At first glance, Cole's attempt to break into Guinness might seem like a harmless teenage prank. But, curiously, Cole bragged about the world record for years.

In fact, he took credit for the world record in an autobiography he submitted for the World Bridge Encyclopedia in 1991--more than seven years after Guinness withdrew the record.

At Columbia, Interest Turns to Bridge

The Manhattan Bridge Club sits in the penthouse of the Hotel Olcott on West 72nd St. here in New York City.

It's not the same place Cole frequented as a Columbia student during the early 1980s. Today, bridge players step out of the elevator to find a three-foot-high cardboard figure of the Queen of Hearts. The queen is pointing at an image of the White Rabbit, mounted 10 feet away on the same wall.

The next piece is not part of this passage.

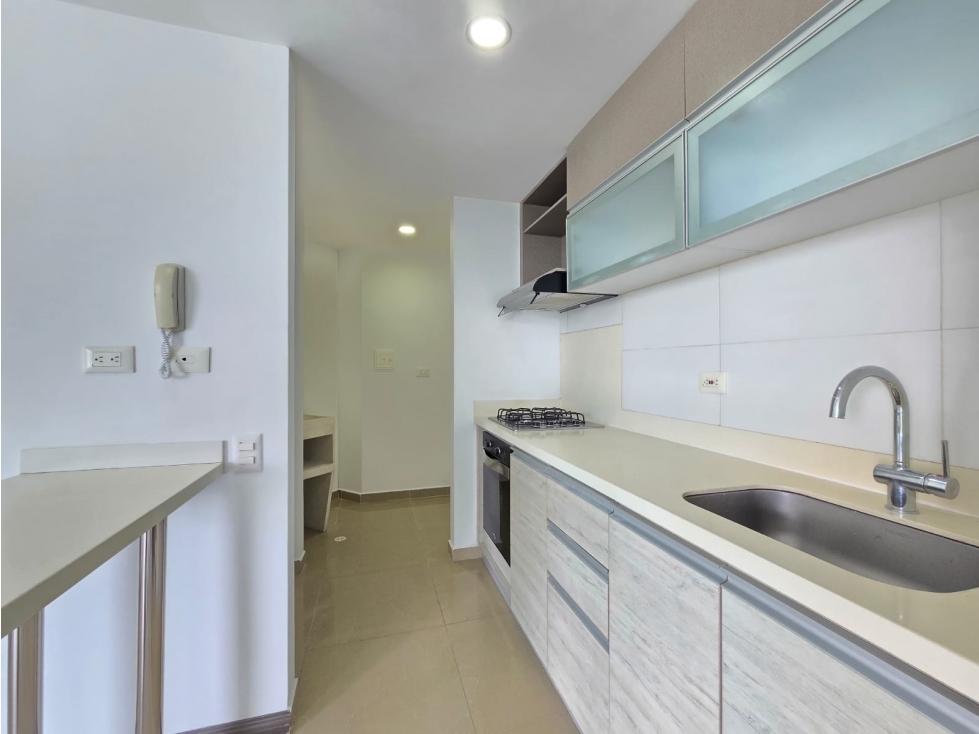 ARRIENDO APARTAMENTO NORTE DE ARMENIA, LA CASTELLANA - 4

The clientele has changed, too. Few bridge players there today were around 10 years ago; even fewer remember a young, bush-haired college kid named Bill Cole. Those who do say Cole's expansive self-confidence sticks out in their memories.

"He was very brash, very cocky, very sure, certainly a strong developing player," recalls Jeff M. Bayonne, owner of the club.

Some who played with him charge that Cole would cheat in tournament bridge play. Bayonne, however, dismisses that notion. "When you're real brash, that sometimes is taken for poor ethics," he says.

Heller, Cole's high school friend who also attended Columbia, says the two played bridge together for a while. But after a time, Heller says, "I had to stop."